Jessica Pegula vs Elina Svitolina - Paris Olympics Tennis Prediction and Pick 7/29/24
Jessica Pegula (USA) vs Elina Svitolina (Ukraine)
Monday, July 29, 2024
Jessica Pegula -103 / Elina Svitolina -121 Click Here for the Latest Odds
Where to Watch: USA: NBC, UK: BBC Sport, Australia: Nine, Africa: Supersport
Jessica Pegula will square off against Elina Svitolina in the second round of the 2024 Paris Olympics tennis tournament. The match is scheduled for Monday, July 29, 2024. Here's our Jessica Pegula vs Elina Svitolina prediction.
Jessica Pegula vs Elina Svitolina Preview
Jessica Pegula played her first match on the European clay and it was a tricky one. Up against Switzerland's one-hander Viktorija Golubic, the World No. 6 was slow off the blocks as she dropped her serve to begin the contest.

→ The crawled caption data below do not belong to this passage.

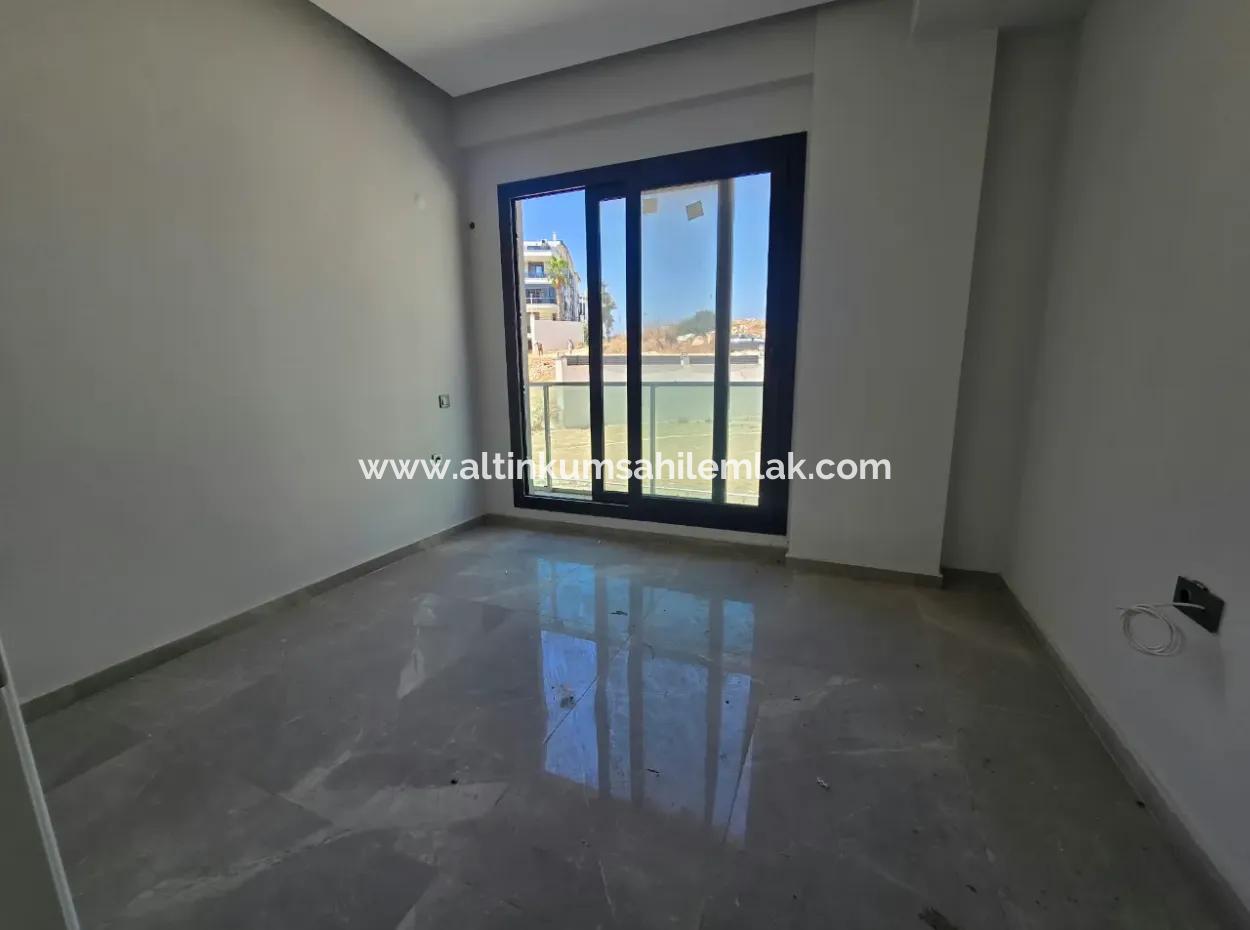 Didim Altınkum’da Havuzlu Sitede, Asansörlü Binada Köşe Konumlu 2+1 Daire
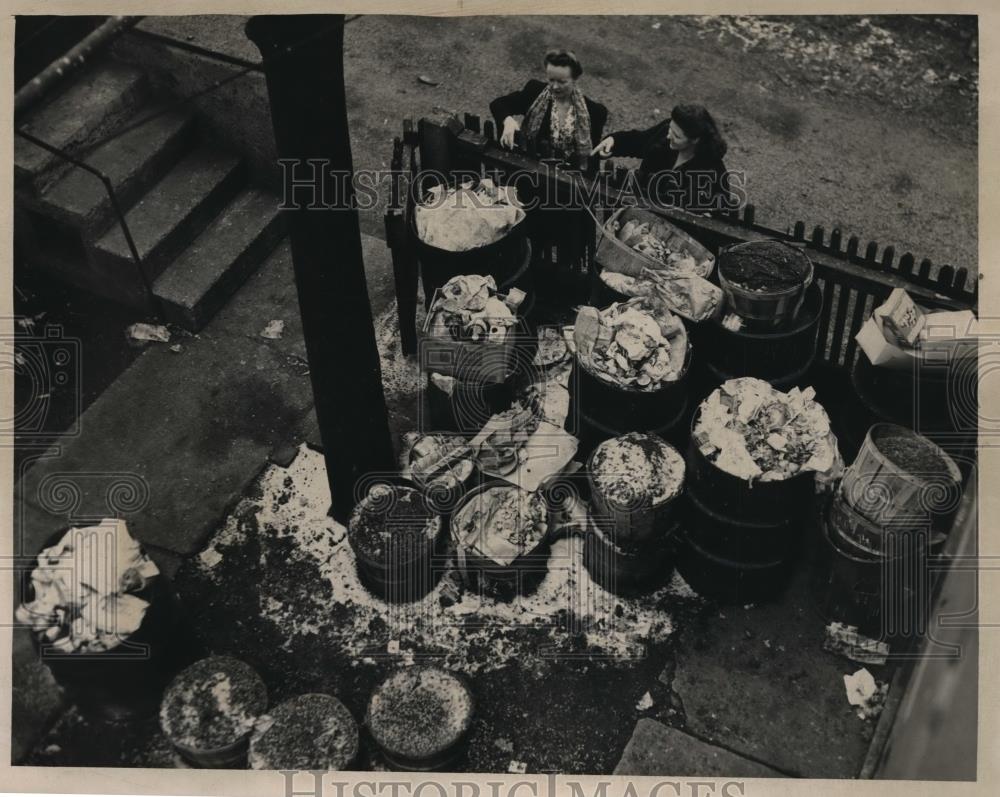 1947 Press Photo Mrs. Mary Furner and Mrs. Mildred Roni looking at the rubbish - Historic Images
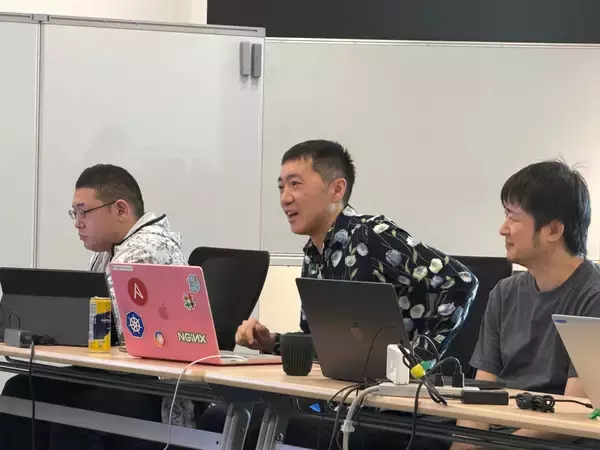 「【前編】サービスを止めないことがキャリアの軸になったブロードリーフ インフラエンジニア 左近充裕樹が語る20年のキャリアと成長の軌跡」の画像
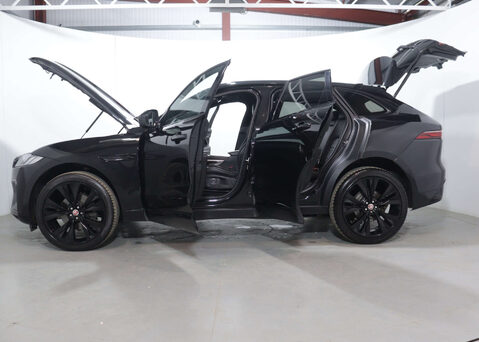 Jaguar F-Pace 2.0 F-PACE R-Dynamic HSE D MHEV AWD Auto 4WD 5dr 56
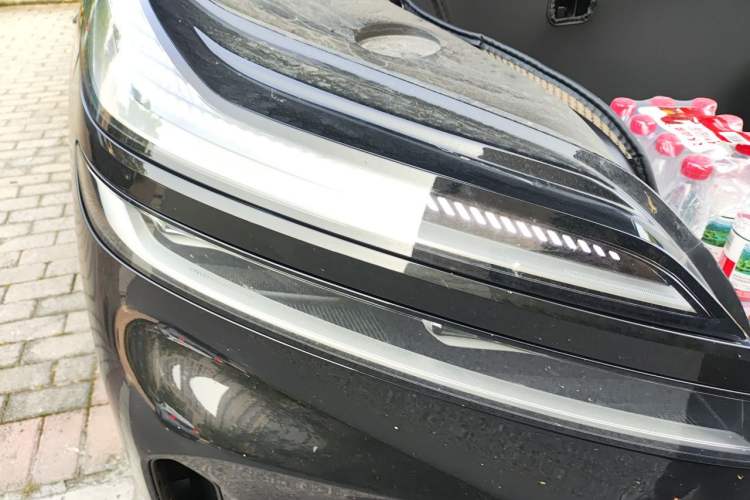 Used ONVO Luxeed L90 2025 Model—Pro Seven-Seater Version Right Front Headlight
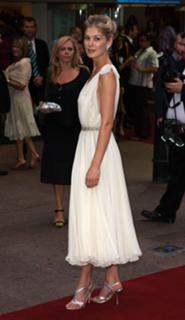 Rosamund Pike feet photo thumbnail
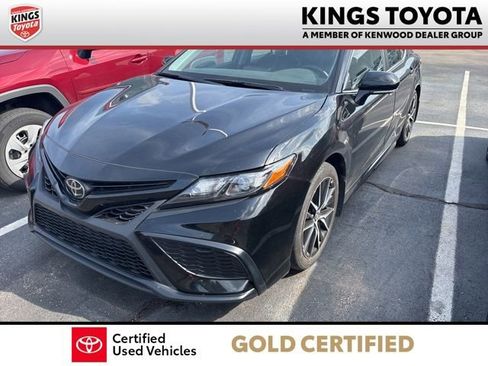 Used 2024 Toyota Camry SE w/ Cold Weather Package image 4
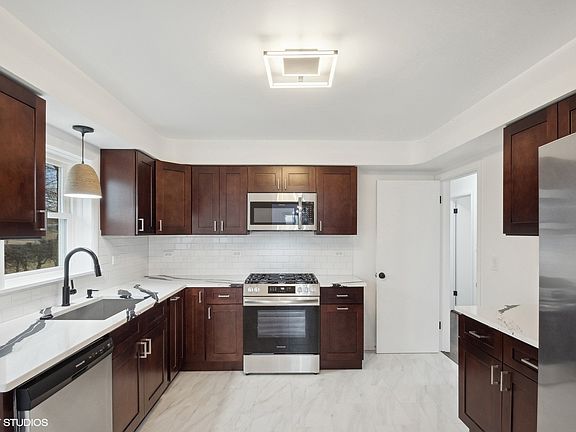 4th image of 7246 W Oakton St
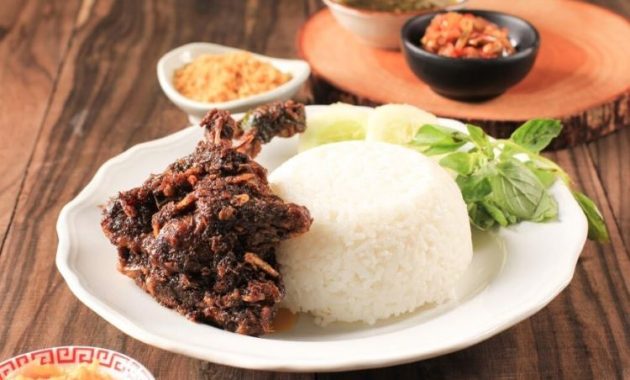 Kuliner Malam Legendaris di Surabaya: 3 Tempat Wajib Coba versi Tanboy Kun, Dengan Alamat Lengkap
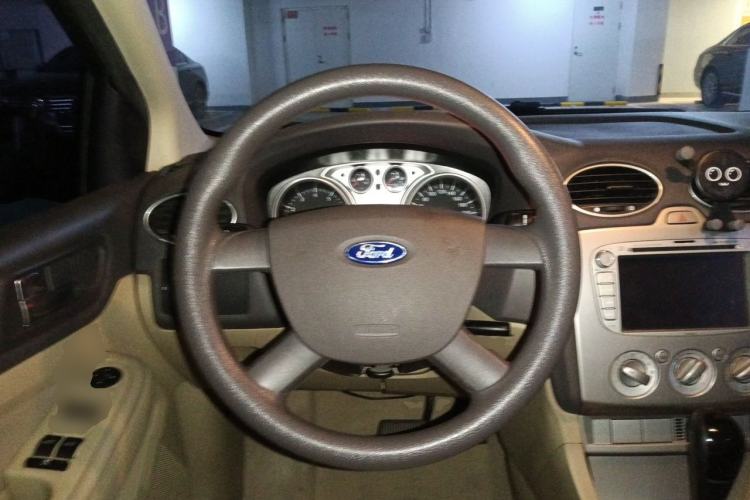 Used Ford Focus 2009 Sedan 1.8L Automatic Fashion Edition Steering Wheel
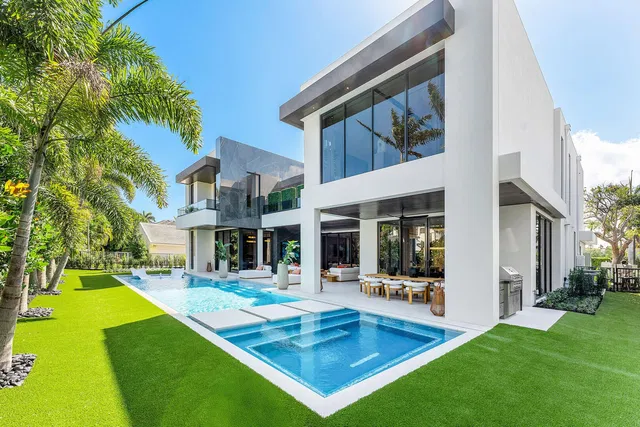 Royal Palm Yacht and Country Club Residence photo 34
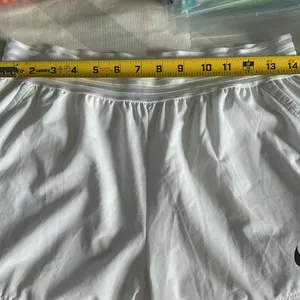 Nike White Athletic Shorts Moisture-Wicking Elastic Waistband thumbnail 9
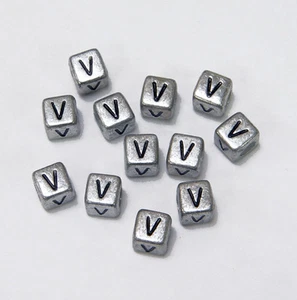 Cuentas de alfabeto metálico plateado de 6 mm letra negra ""V"" 100 piezas - Imagen 1 de 1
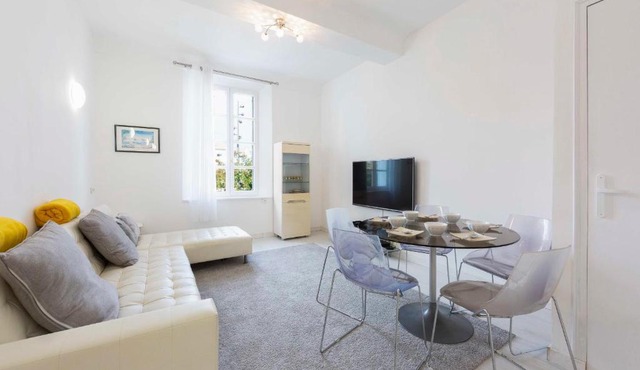 Renovated 100m Townhouse in the heart of the old town of Antibes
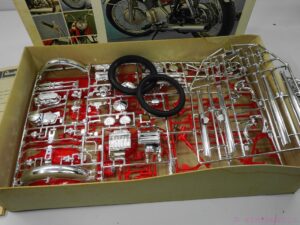 Revell Yamaha Grand Prix 350 1:8 scale model kit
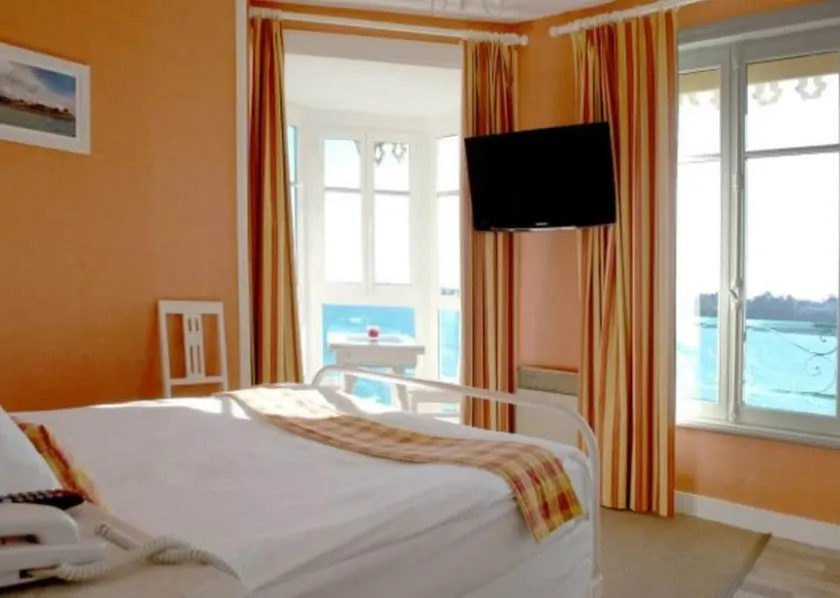 Villa Gulf Stream - Image 1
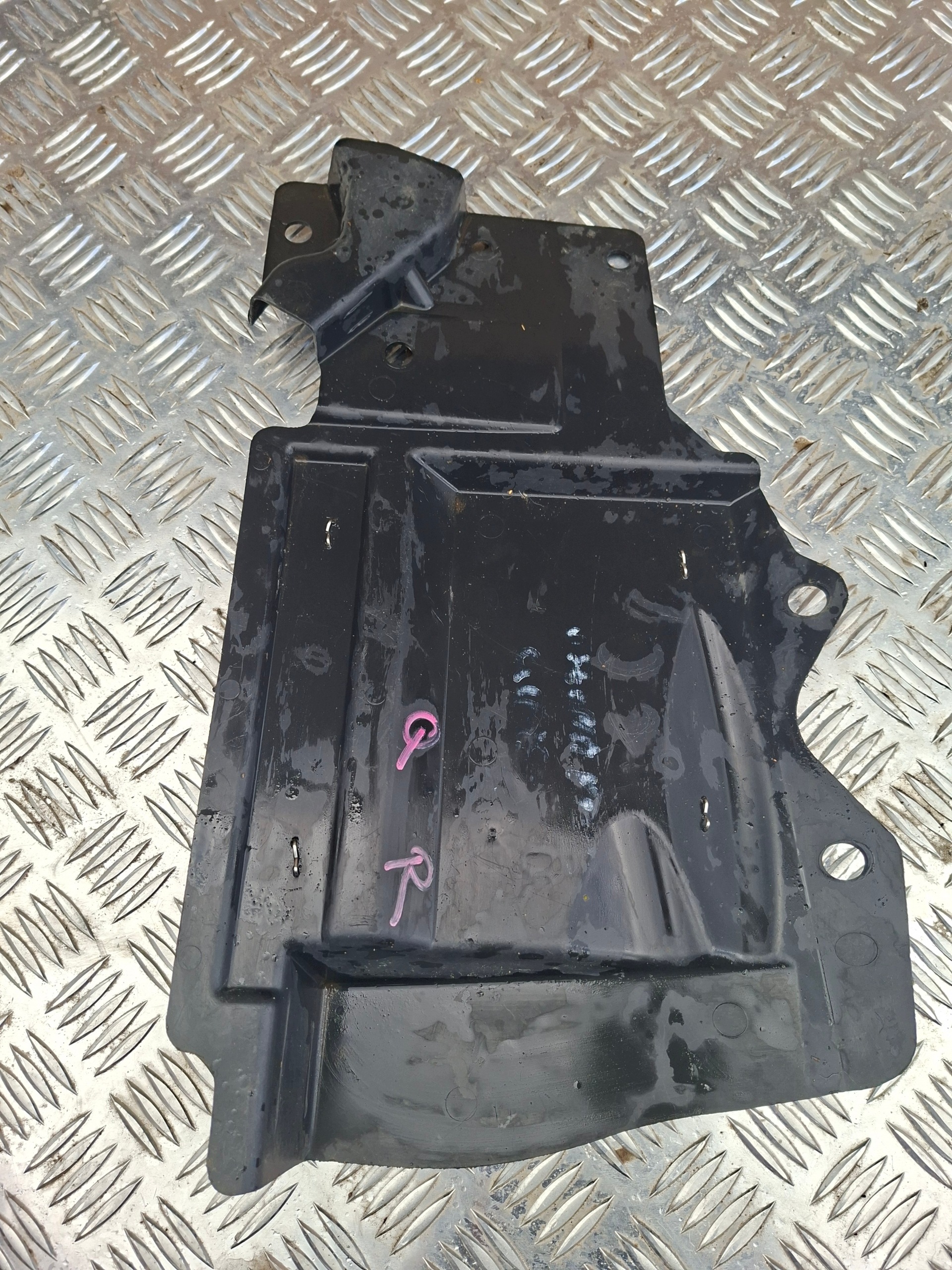 cover chassis right NISSAN QASHQAI J10 6483JD00A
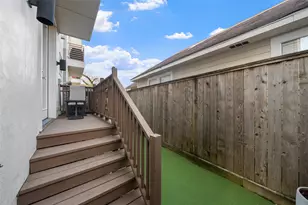 1107 W 16th St, Houston, TX 77008 - Photo 5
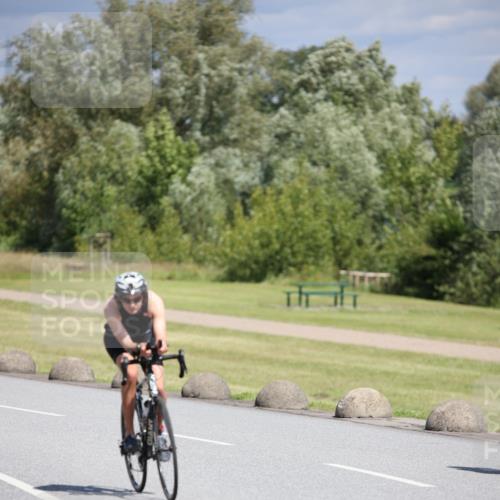 16.06.2024 - 26. Vierlanden-Triathlon Jannik Wohlers http://msf.ph/oto/6309902 16.06.2024 11:41:16 Radfahren 138, 142, 174, 185, 196, 349, 413 meine-sportfotos.de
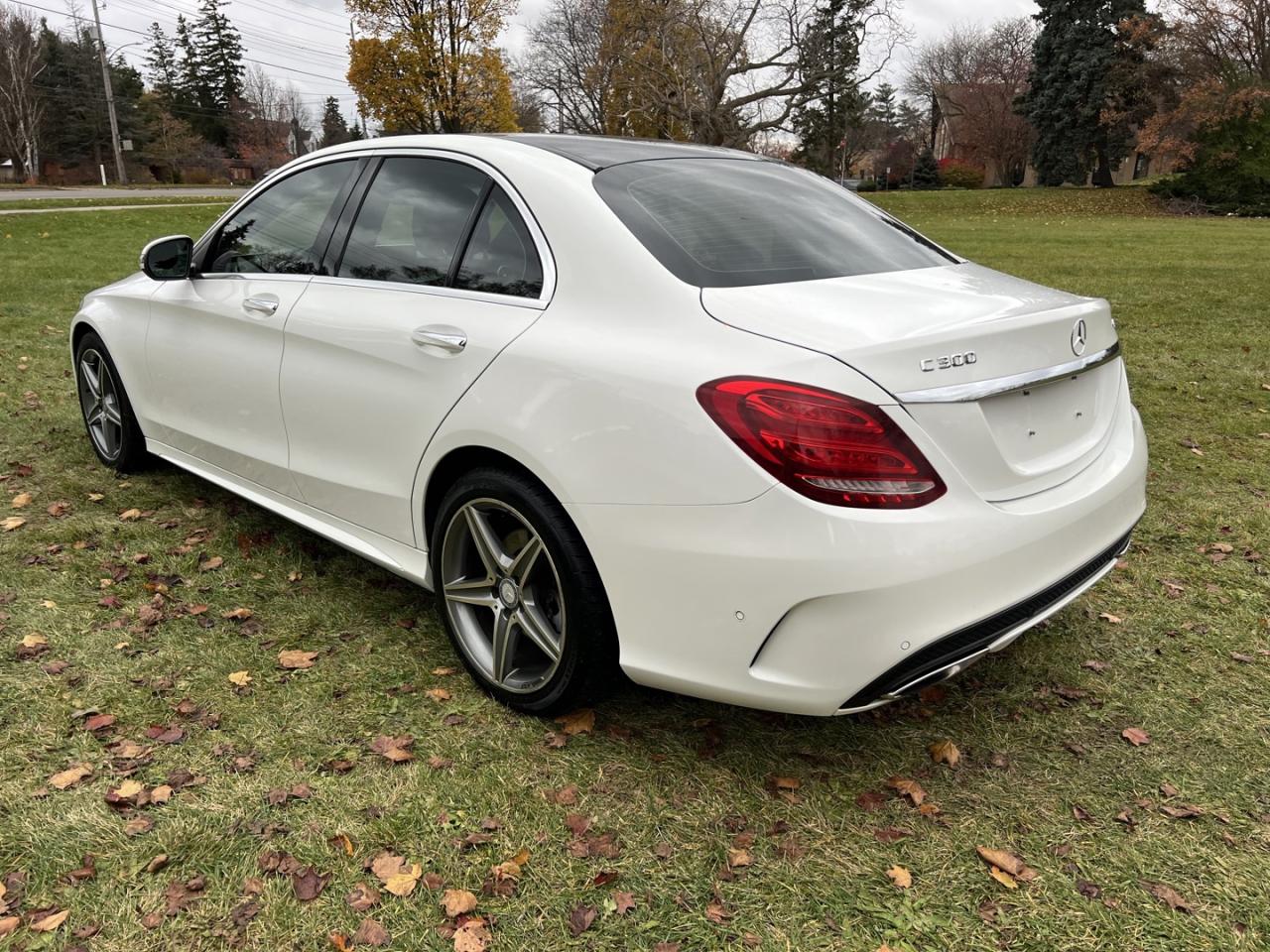 2016 Mercedes-Benz C-Class C300 Sport 4MATIC *Navigation / AMG Pkg / Clean CarFax - Photo #7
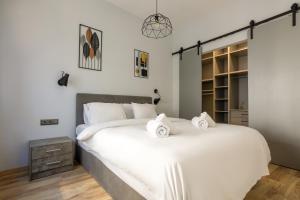 Heart Of Ladadika AC Smart TV Self Check-In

Pegula then trailed 1-3 in the first set but reeled off 11 of the next 15 games to turn the match on its head and prevail in straight sets. The match lasted an hour and 17 minutes, with the American accounting for 25 winners and 23 unforced errors. She had greater success in her return games, winning six of nine from her breakpoint conversion rate.
Elina Svitolina is a bronze medalist from the Tokyo Olympics. It's been an emotional couple of years for Svitolina, given what is happening back in her homeland of Ukraine. For the 29-year-old, success on the tennis court is her voice and platform for inspiring those in the firing line in the ongoing war.
Svitolina began her Paris Olympics journey with a fine performance against Japan's Moyuka Uchijima, which took 15 games to decide. The former World No. 3 excelled from the baseline in a near-perfect display that took only an hour. She broke her opponent's serve on five occasions, although she will need a much-improved performance of her own against Pegula on Monday.
Jessica Pegula vs Elina Svitolina Head-To-Head
• Pegula leads Svitolina 4-1 in their head-to-head in WTA meetings.
Jessica Pegula vs Elina Svitolina Prediction
Despite the lopsided head-to-head record, Svitolina enters this match as the slight favorite, according to the oddsmakers. The primary reason for that is the surface. All five of the previous meetings have been contested on hard courts, with three of those on US soil. Pegula has always come out on top.
But clay tends to bring the best out of Svitolina. She excels in playing the role of counterpuncher much more effectively on it, and she has that element of aggressiveness in her groundstrokes these days because of her increased risk appetite. It also has to be mentioned that Pegula has not played a lot of clay-court tennis this year after sustaining an injury before the start of the European clay swing. We're looking at Svitolina to keep the Ukrainian flag flying at the tournament.